Boreal forests are a huge carbon sink. The fine roots, not only the leaves, stems and branches of trees, largely contribute to carbon accumulation. The Russian Far East has had an increasing number of forest fires, many of which are believed to be caused by global warming and human activities. Burning trees in forest fires naturally cause the emission of CO2, but little is known about the extent to which fire-derived charcoal influences ecosystem processes, such as soil organic matter decomposition.

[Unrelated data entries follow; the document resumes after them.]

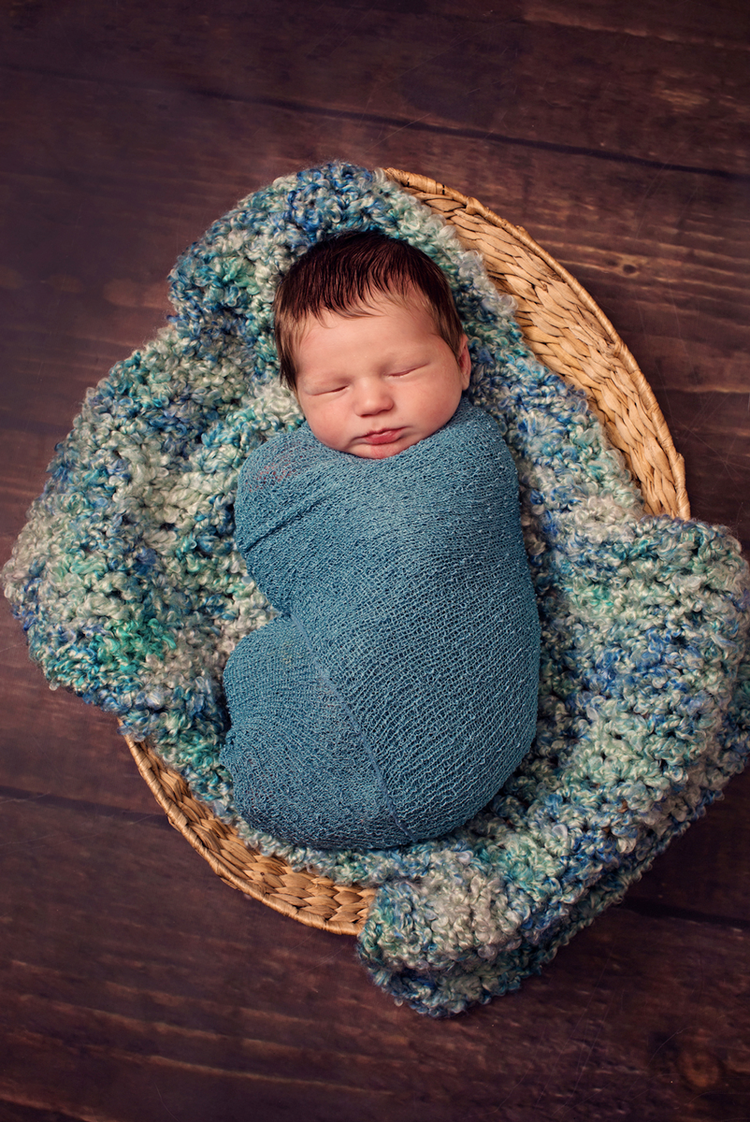 Sleeping newborn wrapped in blue swaddle on textured blanket in wicker basket.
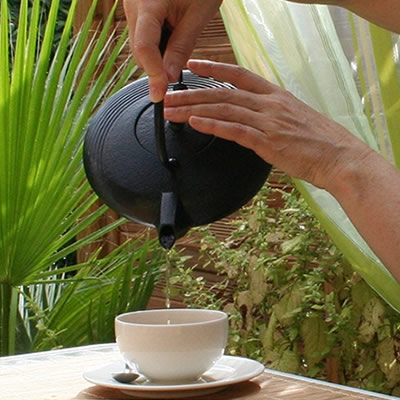 pouring tea from cast-iron teapot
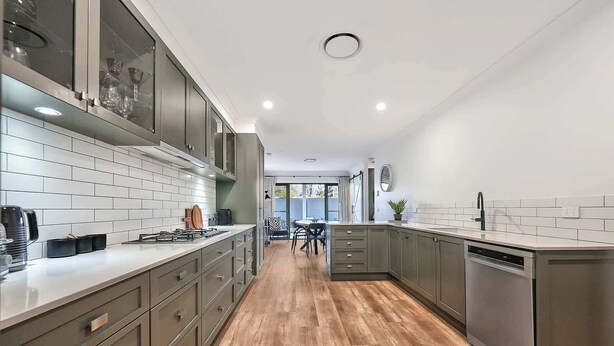 A modern kitchen with grey cabinets, white subway tiles, and a wooden floor. - Woodward Links • Walk to CBD • Near Duntryleague (Orange)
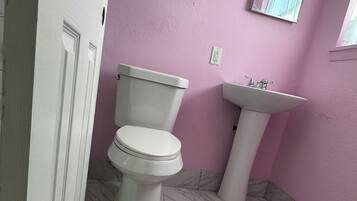 Une salle de bain avec des toilettes, un lavabo et un sol en marbre.
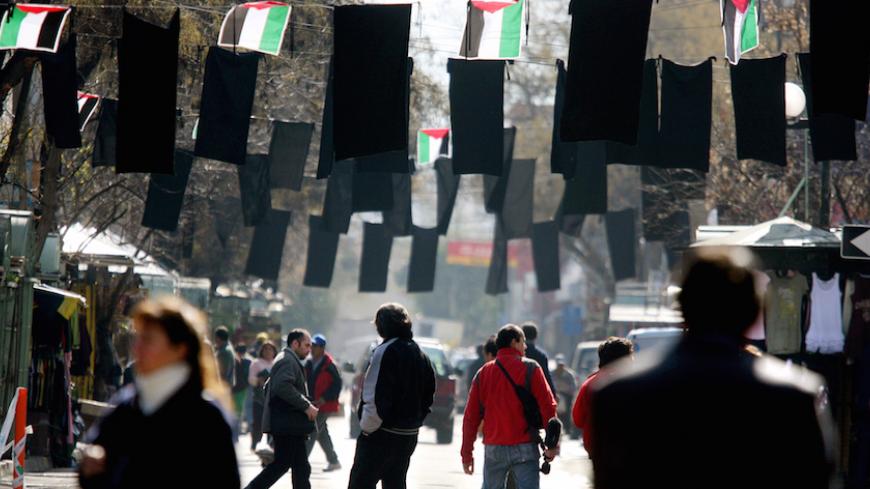 Pedestrians walk along a street decorated with black and Palestine flags next to an orthodox church in the Patronato neighbourhood in Santiago August 7, 2006, where members of the Palestinian community attended a mass against Israel's military offensive in Lebanon and Gaza. REUTERS/Ivan Alvarado (CHILE) - RTR1G6L1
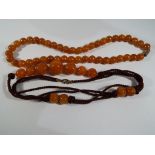 Amber - two amber necklaces, approximate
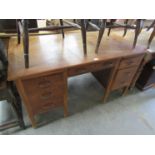 A 1950s oak seven drawer desk 76x136cm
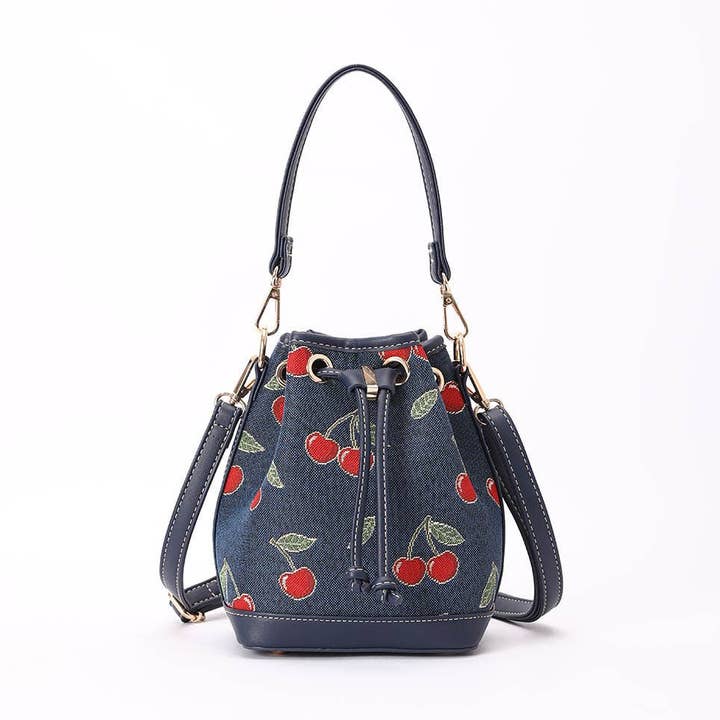 Cherry Bucket Handbag on Blue Backdrop for wholesale by Signare London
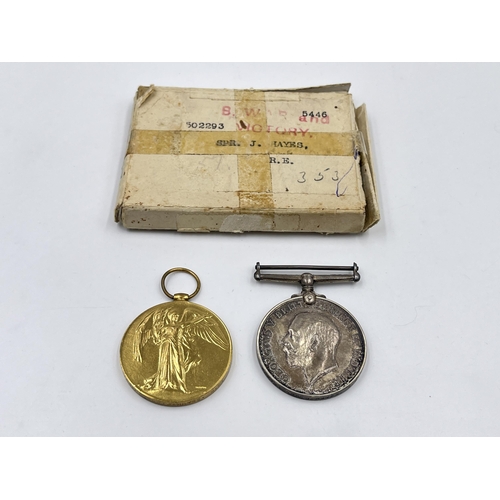 2036 - A boxed WWI British medal pair presented to 502293 Spr. J. Hayes R.E.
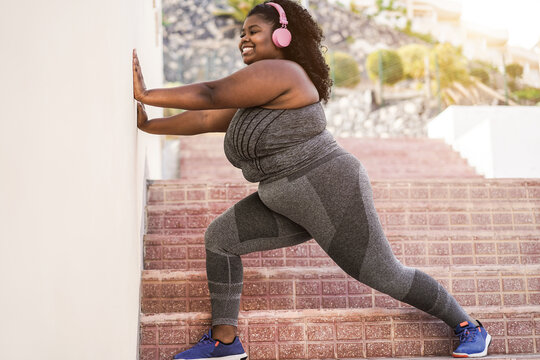Curvy african girl doing sport workout routine outdoor in the city - Focus on face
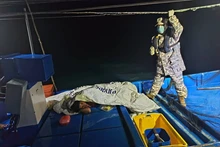 A survivor (L) rests aboard a boat on waters off Kedah, Malaysia, Nov. 9, 2025. At least one individual has been found dead and six have been rescued after a boat carrying nearly 100 undocumented migrants sank in waters near the Malaysia-Thailand maritime border, local police said on Sunday, according to Malaysia's national news agency Bernama. (Malaysian Maritime Enforcement Agency/Handout via Xinhua)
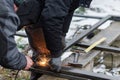 Welder man welding metal iron with electrodes, worker wearing protective helmet and gloves. Close up of electrode welding and Royalty Free Stock Photo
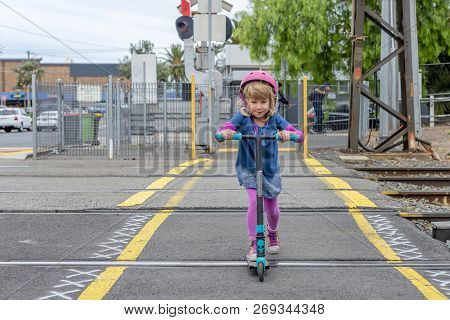 Young Girl In Pink Outfit And Pink Helmet Riding A Kick-scooter Across The Railway Line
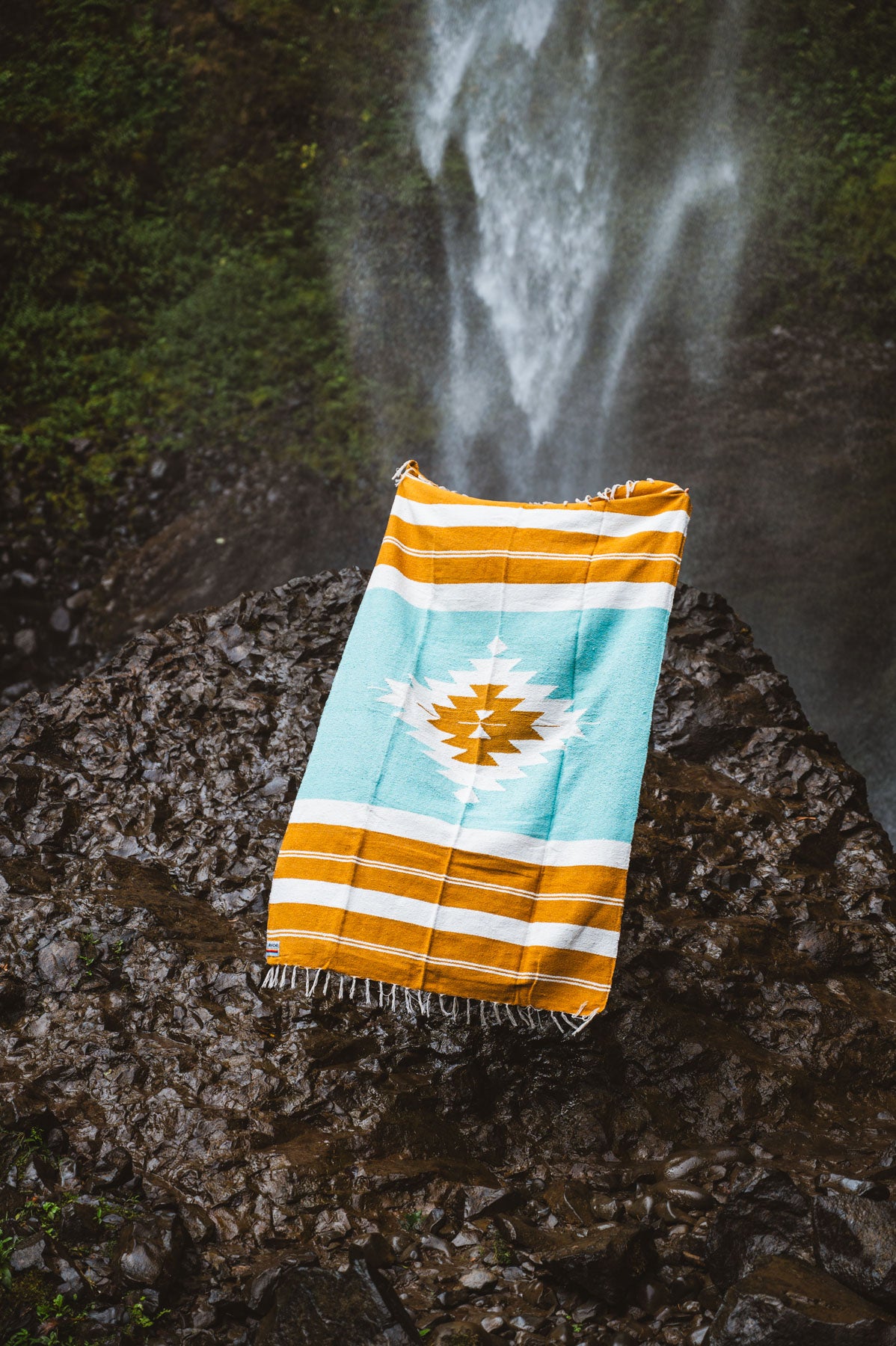 turquoise and gold mexican blanket in front of a waterfall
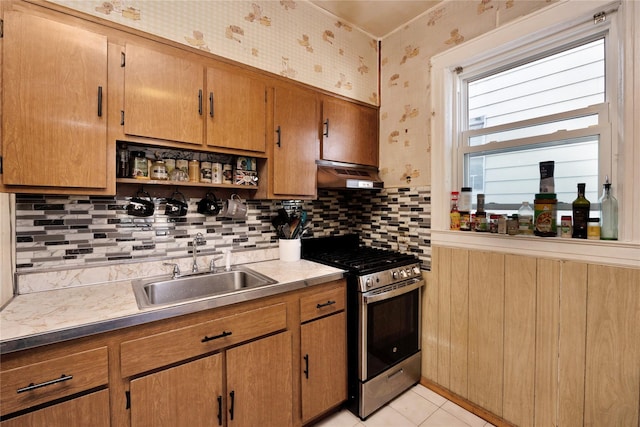 3709 20th Rd, Astoria, NY 11105 - kitchen with gas range, a sink, under cabinet range hood, wallpapered walls, and backsplash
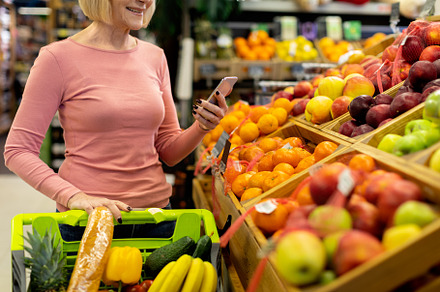Cropped of senior woman using smartphone while shopping at supermarket, a Person Photo by Prostock-Studio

The researchers, including Russian Academy of Science Senior Researcher Semyon Bryanin and Hokkaido University Assistant Professor Makoto Kobayashi, performed field litterbag experiments over 515 days, incubating fine larch roots with varying concentrations of charcoal in the soil. Mass loss of fine roots was measured in each of four conditions over nearly two years: control (no charcoal); mean charcoal content measured in the field; twice the mean charcoal content measured in the field; and charcoal content equal to the maximum concentration in the field.
According to the results, charcoal had little effect on the decomposition of fine roots right after they were buried in soil. But at the end of the experiment, the loss of root mass in samples incubated with higher concentrations of charcoal was greater (double content: 40 percent; maximum content: 42 percent) than in the control (30 percent) and the average content conditions (27 percent). "Our study has provided the first field evidence that fire-derived charcoal might accelerate the decomposition of fine larch roots and consequently CO2 emissions from boreal forest," says Makoto Kobayashi.
The finding likely will help predict future changes in CO2 concentration in the atmosphere should more forest fires be triggered by global warming and human activities.